Could you count the lines in the entries beneath that hold the word "Ruffle"? Respond with the number alone.

(SUPPLIED DATA)

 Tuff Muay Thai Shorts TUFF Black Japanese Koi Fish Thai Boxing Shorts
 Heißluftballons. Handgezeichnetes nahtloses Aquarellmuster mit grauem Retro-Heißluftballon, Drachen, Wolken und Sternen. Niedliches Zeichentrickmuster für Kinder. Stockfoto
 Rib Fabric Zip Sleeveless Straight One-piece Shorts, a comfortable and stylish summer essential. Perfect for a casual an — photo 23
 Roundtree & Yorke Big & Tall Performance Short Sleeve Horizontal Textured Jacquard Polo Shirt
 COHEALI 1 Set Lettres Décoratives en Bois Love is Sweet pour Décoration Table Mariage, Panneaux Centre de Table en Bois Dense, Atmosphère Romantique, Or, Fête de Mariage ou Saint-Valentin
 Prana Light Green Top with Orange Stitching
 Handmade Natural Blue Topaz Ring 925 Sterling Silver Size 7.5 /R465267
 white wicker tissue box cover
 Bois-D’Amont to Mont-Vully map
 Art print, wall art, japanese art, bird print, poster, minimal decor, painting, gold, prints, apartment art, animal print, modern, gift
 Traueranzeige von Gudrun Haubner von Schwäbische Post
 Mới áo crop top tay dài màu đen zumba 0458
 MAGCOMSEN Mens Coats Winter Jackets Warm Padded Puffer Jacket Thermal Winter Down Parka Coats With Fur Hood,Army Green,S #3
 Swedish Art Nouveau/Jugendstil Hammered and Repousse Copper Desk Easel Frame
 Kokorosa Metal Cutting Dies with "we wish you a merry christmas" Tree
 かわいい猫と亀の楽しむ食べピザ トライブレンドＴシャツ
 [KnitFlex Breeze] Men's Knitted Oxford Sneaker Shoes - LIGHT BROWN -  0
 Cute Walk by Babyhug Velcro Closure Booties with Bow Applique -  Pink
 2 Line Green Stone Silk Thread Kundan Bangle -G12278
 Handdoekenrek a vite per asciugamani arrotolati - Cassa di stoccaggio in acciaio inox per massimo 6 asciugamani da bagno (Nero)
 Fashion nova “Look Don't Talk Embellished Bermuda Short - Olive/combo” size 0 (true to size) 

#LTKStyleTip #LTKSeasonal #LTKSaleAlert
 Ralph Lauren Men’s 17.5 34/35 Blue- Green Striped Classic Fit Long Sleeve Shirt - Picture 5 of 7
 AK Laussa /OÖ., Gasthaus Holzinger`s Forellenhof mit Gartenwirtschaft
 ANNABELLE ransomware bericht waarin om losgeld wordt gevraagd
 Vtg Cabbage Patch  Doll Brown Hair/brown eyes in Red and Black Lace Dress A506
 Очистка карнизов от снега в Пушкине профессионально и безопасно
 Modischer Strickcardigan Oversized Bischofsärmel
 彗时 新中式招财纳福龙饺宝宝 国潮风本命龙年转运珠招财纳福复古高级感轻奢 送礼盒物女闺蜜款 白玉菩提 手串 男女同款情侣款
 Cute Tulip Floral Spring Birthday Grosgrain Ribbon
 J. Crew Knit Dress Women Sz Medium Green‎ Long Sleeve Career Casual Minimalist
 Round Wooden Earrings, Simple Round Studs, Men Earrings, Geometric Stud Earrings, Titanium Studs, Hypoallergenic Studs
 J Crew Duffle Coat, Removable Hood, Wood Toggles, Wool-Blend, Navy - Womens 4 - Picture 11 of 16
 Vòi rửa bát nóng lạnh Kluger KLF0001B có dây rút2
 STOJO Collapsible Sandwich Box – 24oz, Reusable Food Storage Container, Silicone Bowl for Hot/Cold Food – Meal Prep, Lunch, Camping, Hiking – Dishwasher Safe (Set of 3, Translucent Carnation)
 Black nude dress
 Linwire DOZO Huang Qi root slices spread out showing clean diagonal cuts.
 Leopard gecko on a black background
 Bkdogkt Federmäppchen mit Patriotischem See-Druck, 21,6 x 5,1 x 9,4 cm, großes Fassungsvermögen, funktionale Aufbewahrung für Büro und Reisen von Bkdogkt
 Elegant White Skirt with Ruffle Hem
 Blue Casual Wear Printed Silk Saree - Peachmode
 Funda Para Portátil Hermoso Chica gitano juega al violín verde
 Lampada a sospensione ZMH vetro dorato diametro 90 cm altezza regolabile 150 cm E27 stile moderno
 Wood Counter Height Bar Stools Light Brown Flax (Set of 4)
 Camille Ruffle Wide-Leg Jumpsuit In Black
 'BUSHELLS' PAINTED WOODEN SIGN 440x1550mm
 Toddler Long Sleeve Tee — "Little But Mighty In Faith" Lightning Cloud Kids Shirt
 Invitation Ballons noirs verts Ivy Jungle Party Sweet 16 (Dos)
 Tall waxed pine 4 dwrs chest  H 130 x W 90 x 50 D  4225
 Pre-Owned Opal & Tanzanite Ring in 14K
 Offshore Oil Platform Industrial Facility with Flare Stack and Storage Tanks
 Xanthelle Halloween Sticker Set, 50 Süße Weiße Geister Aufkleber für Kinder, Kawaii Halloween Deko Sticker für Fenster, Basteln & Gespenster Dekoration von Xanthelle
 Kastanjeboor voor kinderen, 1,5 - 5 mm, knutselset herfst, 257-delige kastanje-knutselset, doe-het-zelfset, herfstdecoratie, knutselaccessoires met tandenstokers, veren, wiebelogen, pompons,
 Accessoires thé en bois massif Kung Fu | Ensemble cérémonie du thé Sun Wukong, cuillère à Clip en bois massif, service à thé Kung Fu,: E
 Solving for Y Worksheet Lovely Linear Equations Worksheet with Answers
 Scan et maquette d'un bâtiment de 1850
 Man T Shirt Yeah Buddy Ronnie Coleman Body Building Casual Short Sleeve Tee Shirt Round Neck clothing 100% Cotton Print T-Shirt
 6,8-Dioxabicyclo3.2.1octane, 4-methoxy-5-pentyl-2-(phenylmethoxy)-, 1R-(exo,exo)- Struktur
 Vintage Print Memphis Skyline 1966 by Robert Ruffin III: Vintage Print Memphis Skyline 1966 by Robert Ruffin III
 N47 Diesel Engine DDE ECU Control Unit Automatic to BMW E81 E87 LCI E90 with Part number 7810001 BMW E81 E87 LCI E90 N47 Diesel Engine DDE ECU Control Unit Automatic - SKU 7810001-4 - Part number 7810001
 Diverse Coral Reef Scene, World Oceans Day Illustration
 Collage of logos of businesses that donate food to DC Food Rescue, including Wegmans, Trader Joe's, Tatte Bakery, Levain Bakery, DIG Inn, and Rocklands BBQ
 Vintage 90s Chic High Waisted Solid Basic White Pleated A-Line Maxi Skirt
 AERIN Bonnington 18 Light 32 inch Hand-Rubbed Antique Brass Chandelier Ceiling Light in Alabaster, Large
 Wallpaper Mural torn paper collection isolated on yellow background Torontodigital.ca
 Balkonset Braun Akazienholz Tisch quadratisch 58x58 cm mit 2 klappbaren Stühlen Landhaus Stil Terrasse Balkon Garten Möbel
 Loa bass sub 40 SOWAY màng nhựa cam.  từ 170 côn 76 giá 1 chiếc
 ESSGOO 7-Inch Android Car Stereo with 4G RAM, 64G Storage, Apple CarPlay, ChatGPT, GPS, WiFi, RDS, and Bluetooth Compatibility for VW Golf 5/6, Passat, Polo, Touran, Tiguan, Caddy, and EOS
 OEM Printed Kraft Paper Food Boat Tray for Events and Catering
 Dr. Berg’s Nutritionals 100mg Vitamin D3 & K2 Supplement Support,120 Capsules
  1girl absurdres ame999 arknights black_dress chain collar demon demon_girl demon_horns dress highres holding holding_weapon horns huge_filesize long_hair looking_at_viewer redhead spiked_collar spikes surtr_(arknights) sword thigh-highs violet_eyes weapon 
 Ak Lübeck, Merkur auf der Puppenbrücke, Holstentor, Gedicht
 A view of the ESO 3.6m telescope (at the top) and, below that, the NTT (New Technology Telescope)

(End SUPPLIED DATA)

TASK RESPONSE: 2